Segment Start: Source data
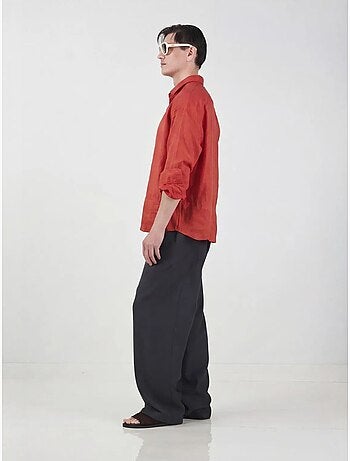 Sobrecamisa em linho oversize para homem giesto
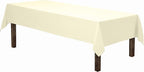 Gee Di Moda Rectangle Tablecloth - 60 x 84 Inch Ivory Table Cloth for 5 Foot Rectangle Tables - Heavy Duty Washable Fabric - for Holiday Party, Dinner, Weddings, Baby Shower & Events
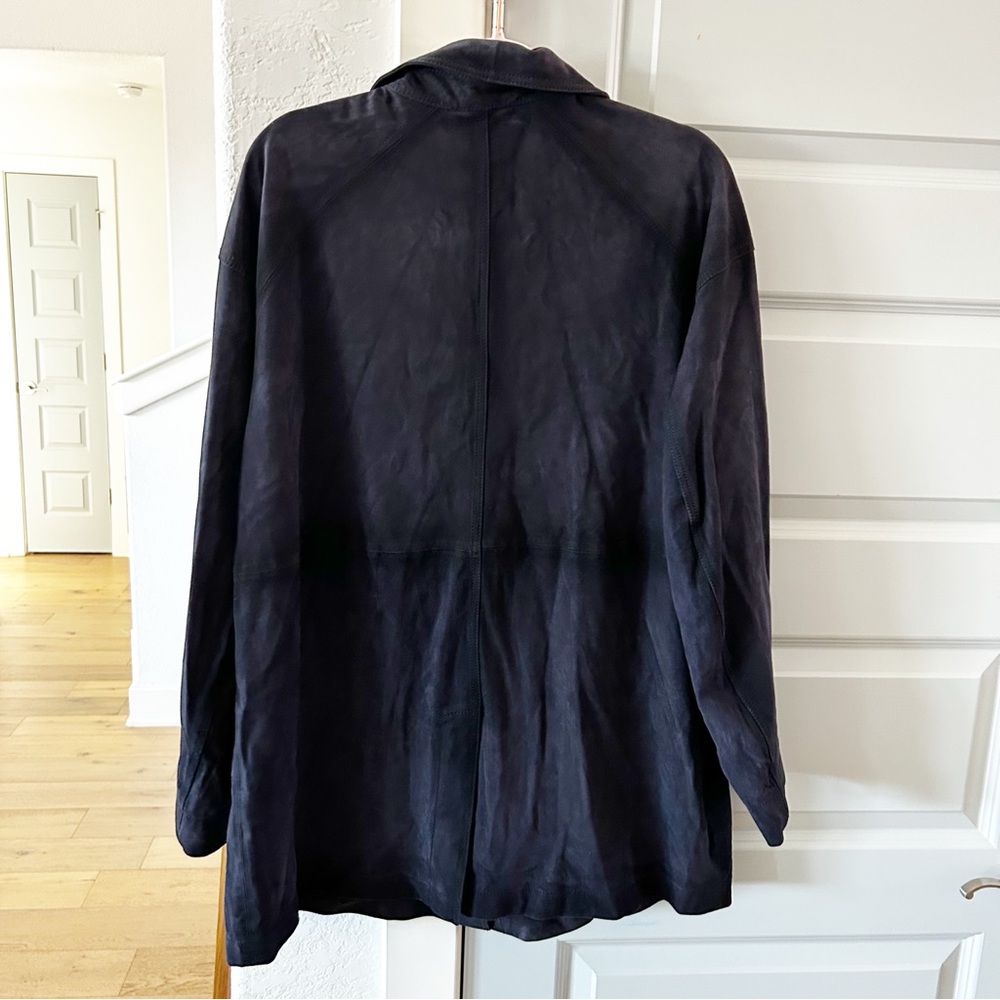 NWT Free People Annalise Suede Shirt Jacket Navy - Picture 5 of 5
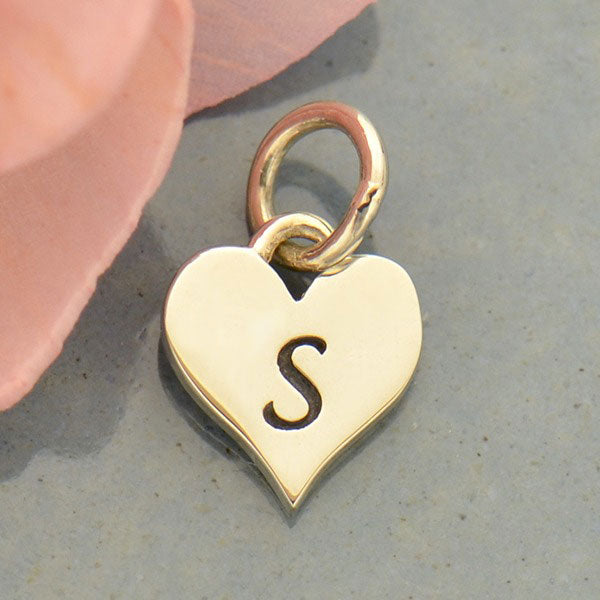 Small Silver Letter Heart Charm - Poppies Beads n' More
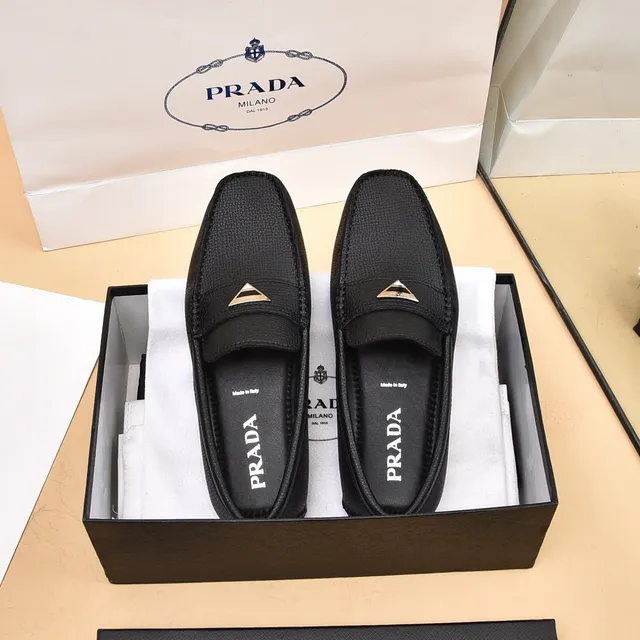 Prada Black Silver Textured Leather Metal Triangular Logo Plaque Loafer 9
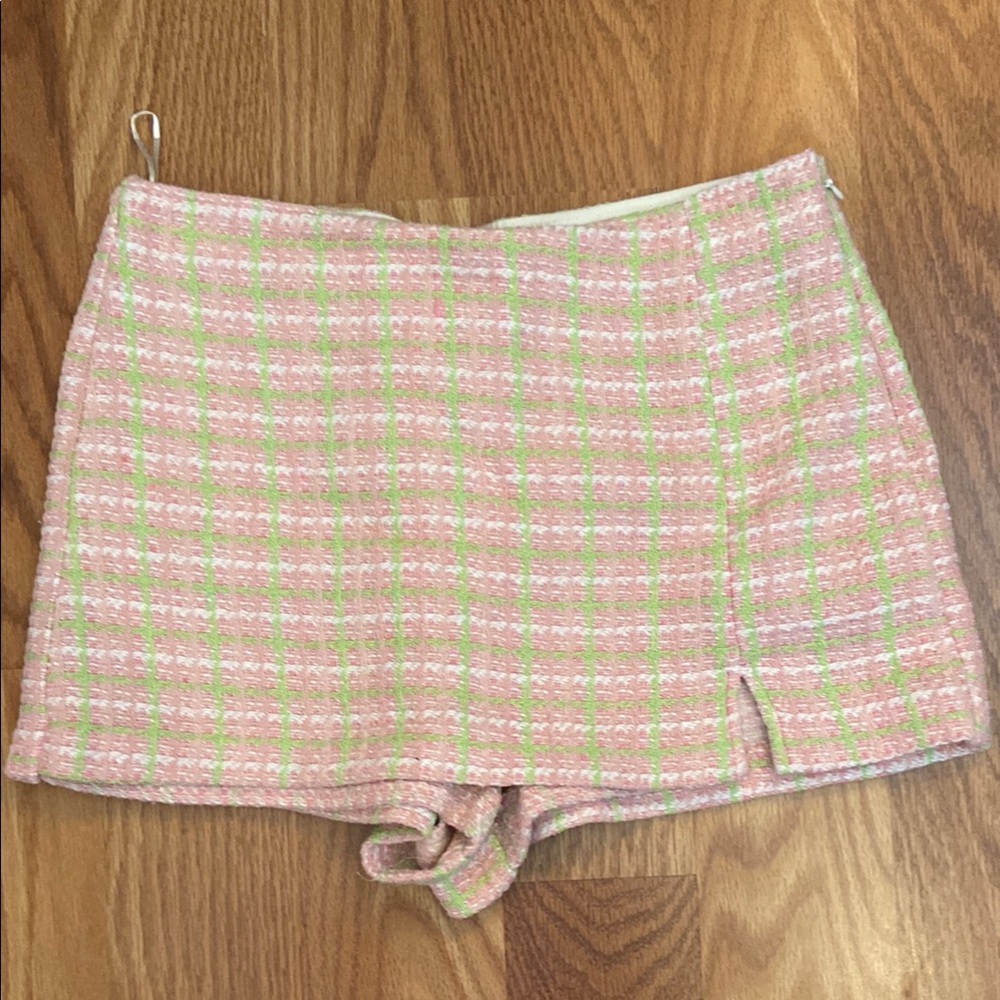 Pink and Green Plaid Skirt Zara us 
Medium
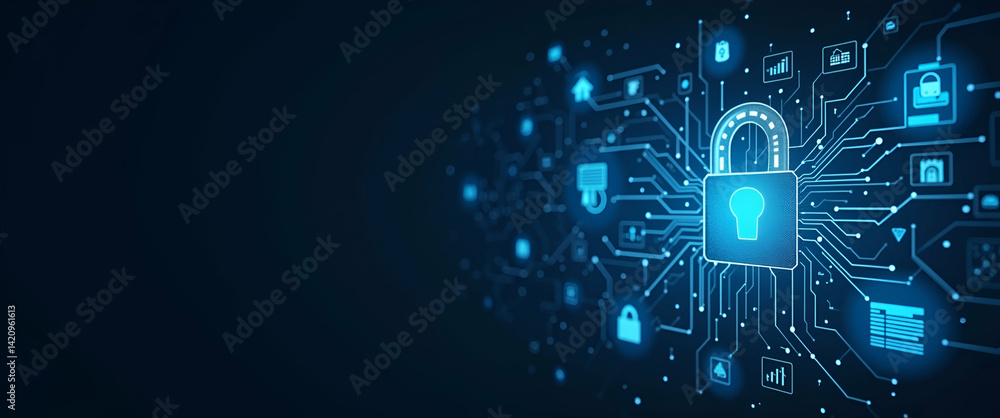 Fototapeta premium High Resolution Visual of Cybersecurity Threats: Advanced Digital Interfaces, Real-Time Threat Analytics, Secure Data Vaults, Integrated Risk Management Frameworks, Defending IT Infrastructures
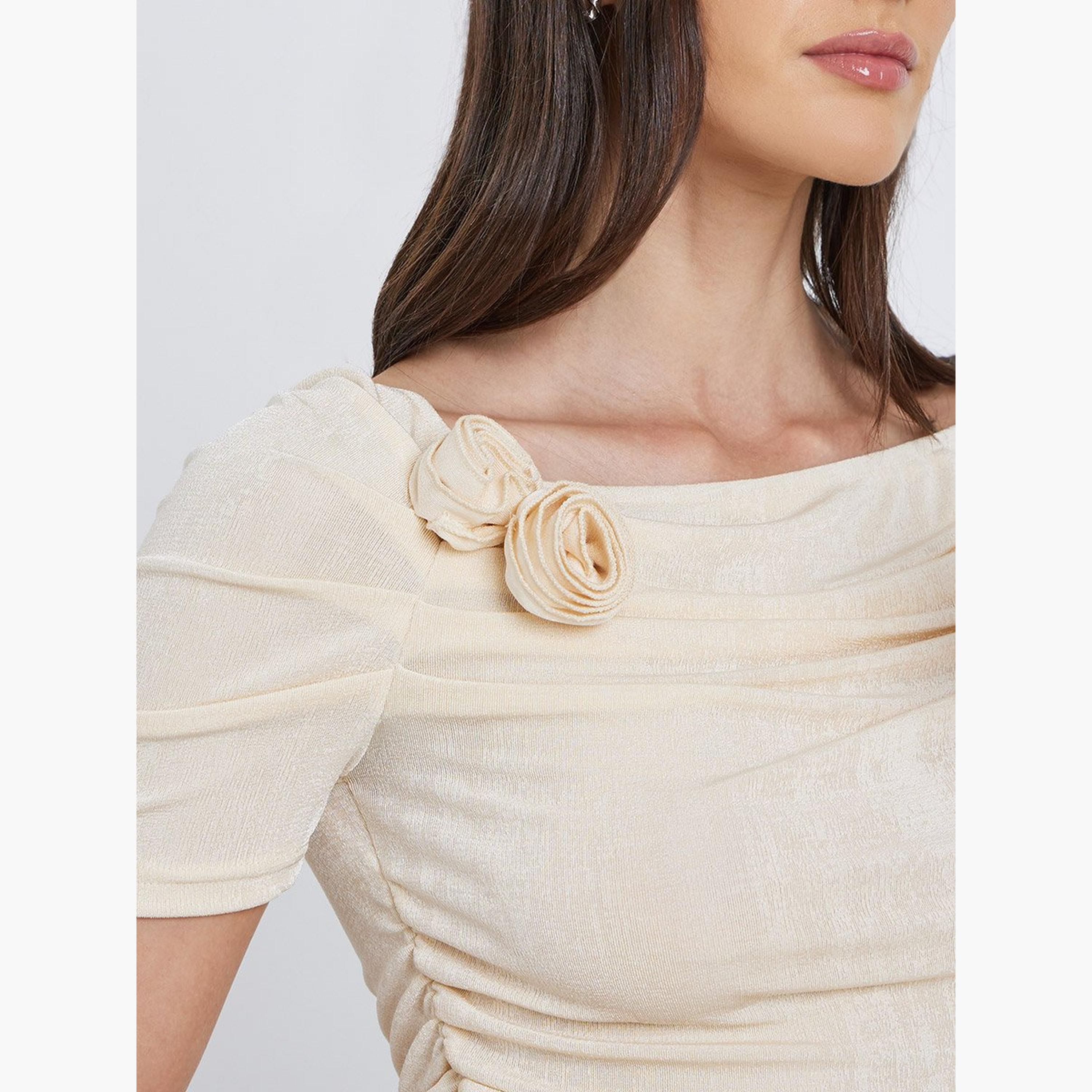Styli Flower Corsage Mesh Short Sleeve Top-women-clothing-shirtsandblouses-blouses-image-4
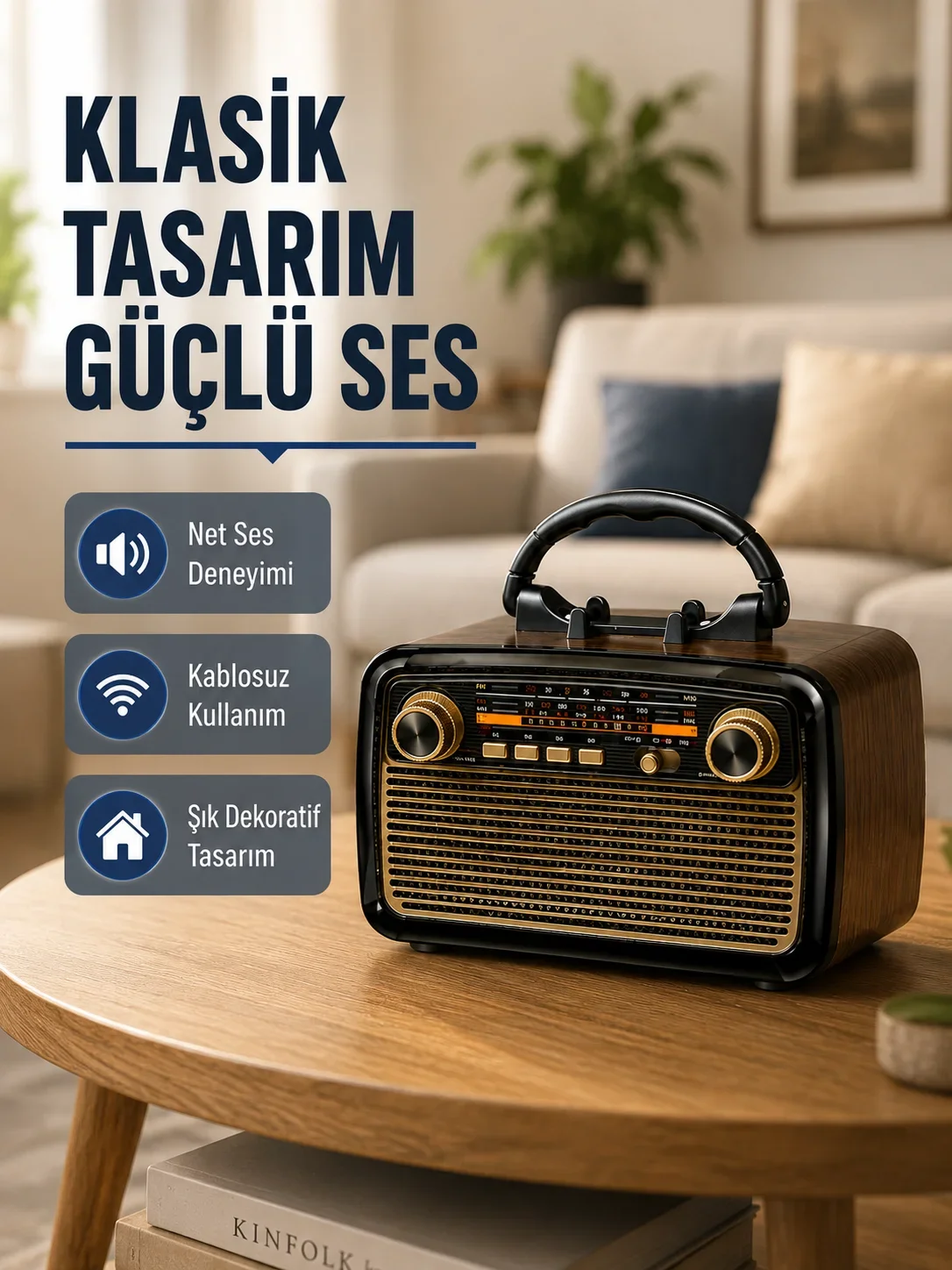 Ahşap Dokulu Bluetooth Müzik Kutusu – Vintage LED Tasarımıyla Modern Ses Deneyi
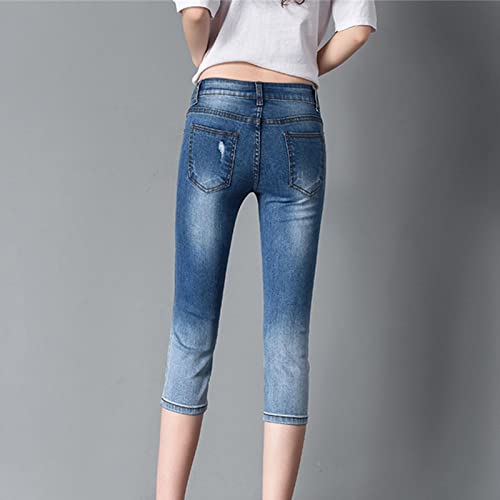DGHM-JLMY Women's Capri Stretch Casual Jeans Slim Fit Sexy Pattern Skinny Capri Jeans Soft Mid-Rise Summer Denim Pants3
Segment End: Source data
*Task objective*.
The whole listing above is to be printed exactly; the pictures stay out.

*Answer for the task*.
 Sobrecamisa em linho oversize para homem giesto
 Gee Di Moda Rectangle Tablecloth - 60 x 84 Inch Ivory Table Cloth for 5 Foot Rectangle Tables - Heavy Duty Washable Fabric - for Holiday Party, Dinner, Weddings, Baby Shower & Events
 NWT Free People Annalise Suede Shirt Jacket Navy - Picture 5 of 5
 Small Silver Letter Heart Charm - Poppies Beads n' More
 Prada Black Silver Textured Leather Metal Triangular Logo Plaque Loafer 9
 Pink and Green Plaid Skirt Zara us 
Medium
 Fototapeta premium High Resolution Visual of Cybersecurity Threats: Advanced Digital Interfaces, Real-Time Threat Analytics, Secure Data Vaults, Integrated Risk Management Frameworks, Defending IT Infrastructures
Styli Flower Corsage Mesh Short Sleeve Top-women-clothing-shirtsandblouses-blouses-image-4
 Ahşap Dokulu Bluetooth Müzik Kutusu – Vintage LED Tasarımıyla Modern Ses Deneyi
DGHM-JLMY Women's Capri Stretch Casual Jeans Slim Fit Sexy Pattern Skinny Capri Jeans Soft Mid-Rise Summer Denim Pants3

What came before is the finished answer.